===== The data

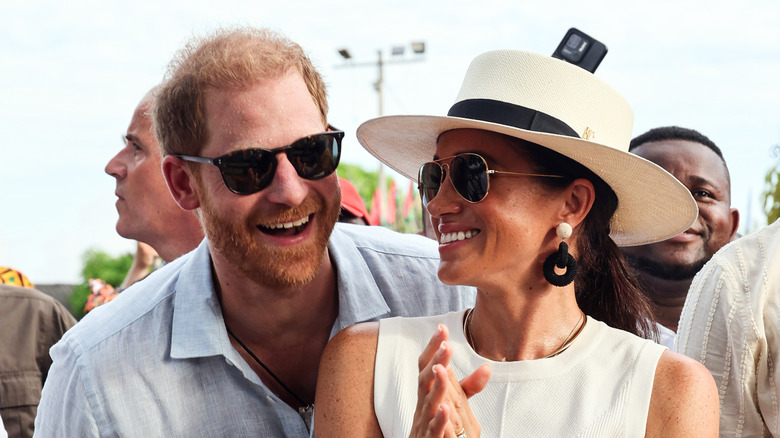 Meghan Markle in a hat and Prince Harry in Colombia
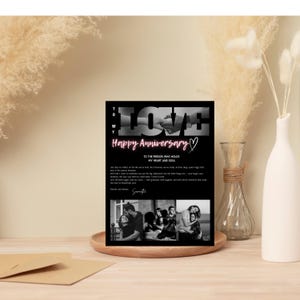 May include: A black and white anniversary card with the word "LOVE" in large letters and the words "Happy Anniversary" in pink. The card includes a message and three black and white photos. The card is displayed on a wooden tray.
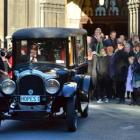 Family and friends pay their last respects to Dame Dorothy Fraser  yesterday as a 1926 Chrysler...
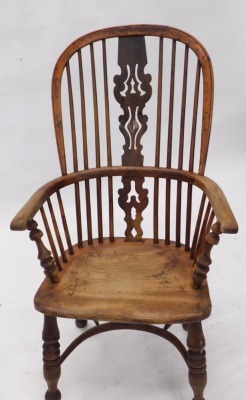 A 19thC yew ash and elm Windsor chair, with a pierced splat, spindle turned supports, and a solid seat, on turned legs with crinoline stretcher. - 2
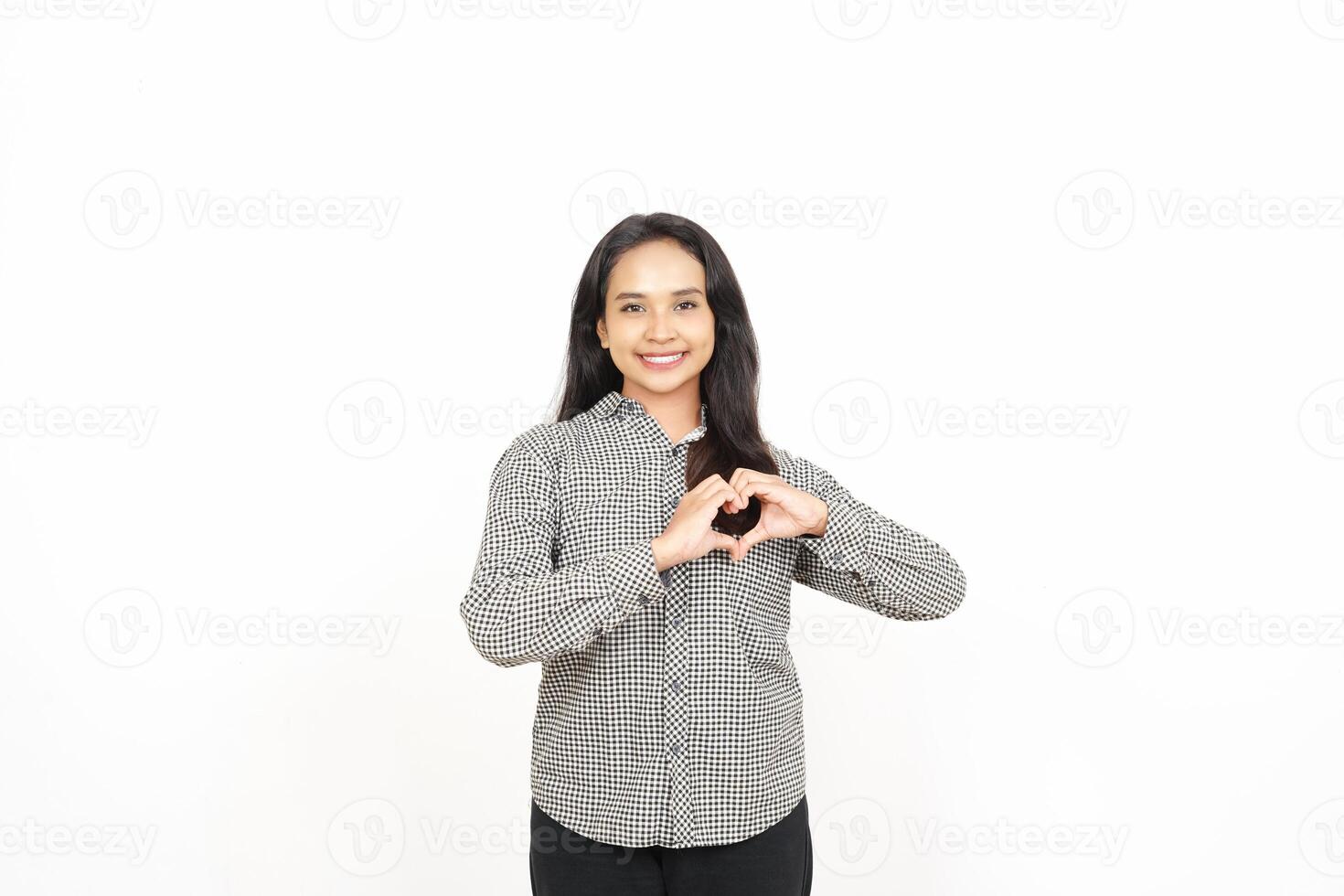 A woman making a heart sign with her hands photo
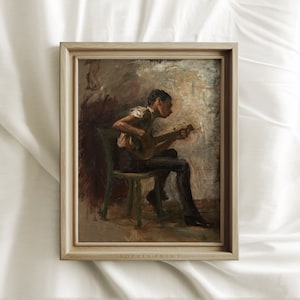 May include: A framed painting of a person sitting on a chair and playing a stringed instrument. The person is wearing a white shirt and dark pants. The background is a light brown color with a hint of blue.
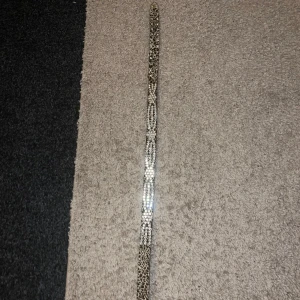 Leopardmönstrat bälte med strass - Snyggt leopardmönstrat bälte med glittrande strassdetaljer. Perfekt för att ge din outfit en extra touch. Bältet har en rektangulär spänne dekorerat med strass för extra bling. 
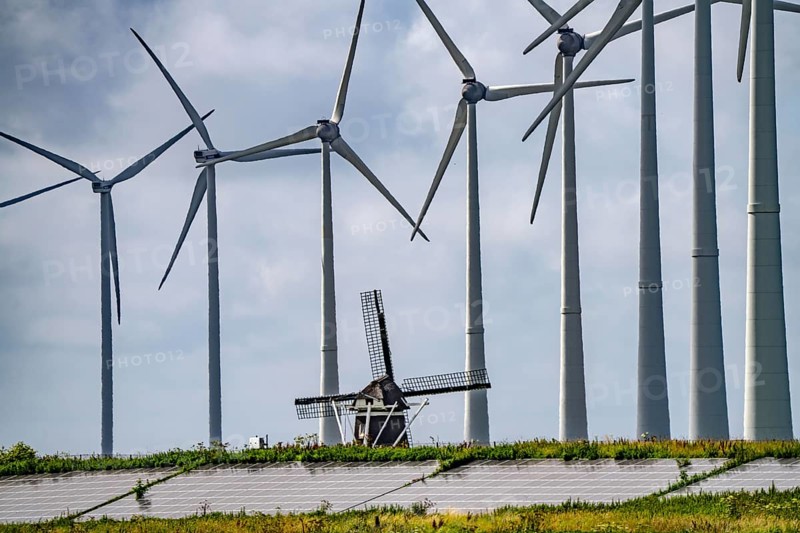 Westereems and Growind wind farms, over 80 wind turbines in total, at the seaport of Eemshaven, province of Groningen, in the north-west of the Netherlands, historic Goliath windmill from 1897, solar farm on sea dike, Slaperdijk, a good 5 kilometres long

==========

# Work instruction
Repeat each line of the records exactly, dropping the pictures.

# Response box
 Meghan Markle in a hat and Prince Harry in Colombia
 May include: A black and white anniversary card with the word "LOVE" in large letters and the words "Happy Anniversary" in pink. The card includes a message and three black and white photos. The card is displayed on a wooden tray.
 Family and friends pay their last respects to Dame Dorothy Fraser  yesterday as a 1926 Chrysler...
 A 19thC yew ash and elm Windsor chair, with a pierced splat, spindle turned supports, and a solid seat, on turned legs with crinoline stretcher. - 2
 A woman making a heart sign with her hands photo
 May include: A framed painting of a person sitting on a chair and playing a stringed instrument. The person is wearing a white shirt and dark pants. The background is a light brown color with a hint of blue.
 Leopardmönstrat bälte med strass - Snyggt leopardmönstrat bälte med glittrande strassdetaljer. Perfekt för att ge din outfit en extra touch. Bältet har en rektangulär spänne dekorerat med strass för extra bling. 
 Westereems and Growind wind farms, over 80 wind turbines in total, at the seaport of Eemshaven, province of Groningen, in the north-west of the Netherlands, historic Goliath windmill from 1897, solar farm on sea dike, Slaperdijk, a good 5 kilometres long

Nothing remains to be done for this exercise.